### TASK STATEMENT
Exclude all pictures, then write out exactly the lines below from the first one through the line with "Hi, I'm Stacy".

### RECORD SET
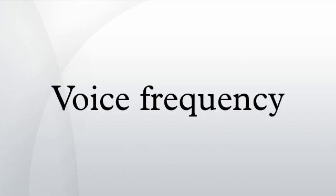A voice frequency or voice band is one of the frequencies within part of the audio range that is used for the transmission of speech.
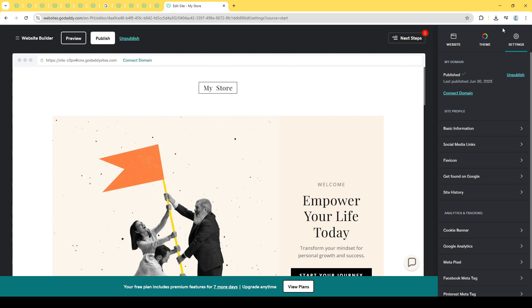Remember, this won't delete your content or your ability to further edit your website. It simply removes the Coming Soon status so your actual site can be displayed to visitors.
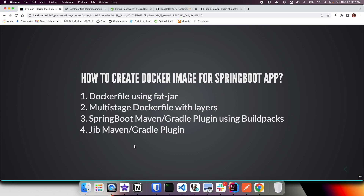That's how we can create a Docker image from our Spring Boot application. There are various ways and depending on your requirement and the flexibility you need, you can go for any of these approaches. In the next video we are going to set up CI — continuous integration — using GitHub Actions.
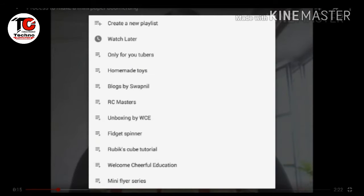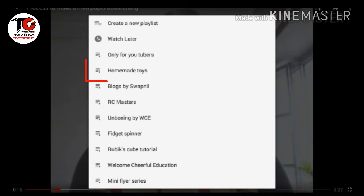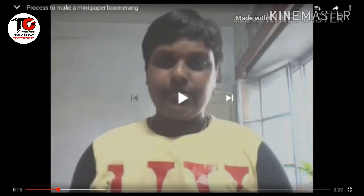Now you will have to select the playlist in which you want to add the video. If you don't have a playlist, you can tap on this option and create your own new playlist. Here I am choosing this playlist, and now our video is successfully added in the playlist.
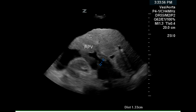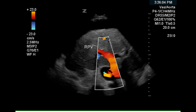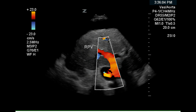The right portal vein is greater than 1.0 centimeters, and although there are no criteria for this vein, this is rather large. There is complete filling of the main portal vein into the right portal vein as demonstrated by color doppler. The flow is toward the top of the screen and therefore hepatopetal.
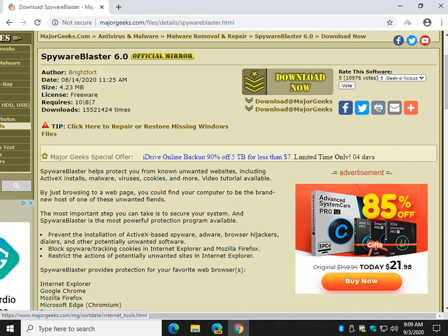Hey there Geeks, Tim with MajorGeeks.com and today we're going to update using SpywareBlaster 6.0. It's been about 11 years since we've done one of these videos if you can believe that.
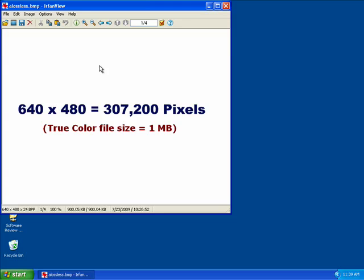Hi, I'm Stacy Reed, bringing you this Butterscotch.com video tutorial about image compression. Understanding image compression is really just a matter of thinking in numbers. The number of bits that are stored and the number of pixels that make up the image are both key factors.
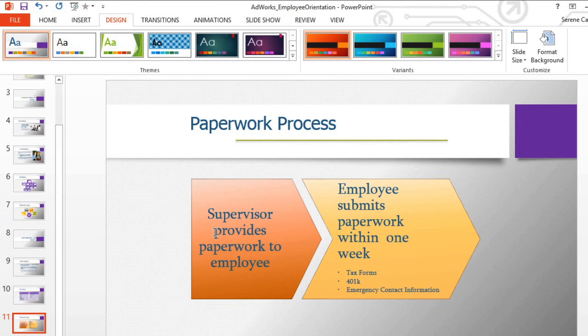You have just created your very own theme, and now you can use it in other presentations, and you'll even be able to access the theme from Word and Excel. So if you're giving a presentation, you could create handouts in Word, with some tables and charts from Excel, and everything would match the style of your PowerPoint presentation. Thank you.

### RESPONSE AREA
A voice frequency or voice band is one of the frequencies within part of the audio range that is used for the transmission of speech.
Remember, this won't delete your content or your ability to further edit your website. It simply removes the Coming Soon status so your actual site can be displayed to visitors.
That's how we can create a Docker image from our Spring Boot application. There are various ways and depending on your requirement and the flexibility you need, you can go for any of these approaches. In the next video we are going to set up CI — continuous integration — using GitHub Actions.
Now you will have to select the playlist in which you want to add the video. If you don't have a playlist, you can tap on this option and create your own new playlist. Here I am choosing this playlist, and now our video is successfully added in the playlist.
The right portal vein is greater than 1.0 centimeters, and although there are no criteria for this vein, this is rather large. There is complete filling of the main portal vein into the right portal vein as demonstrated by color doppler. The flow is toward the top of the screen and therefore hepatopetal.
Hey there Geeks, Tim with MajorGeeks.com and today we're going to update using SpywareBlaster 6.0. It's been about 11 years since we've done one of these videos if you can believe that.
Hi, I'm Stacy Reed, bringing you this Butterscotch.com video tutorial about image compression. Understanding image compression is really just a matter of thinking in numbers. The number of bits that are stored and the number of pixels that make up the image are both key factors.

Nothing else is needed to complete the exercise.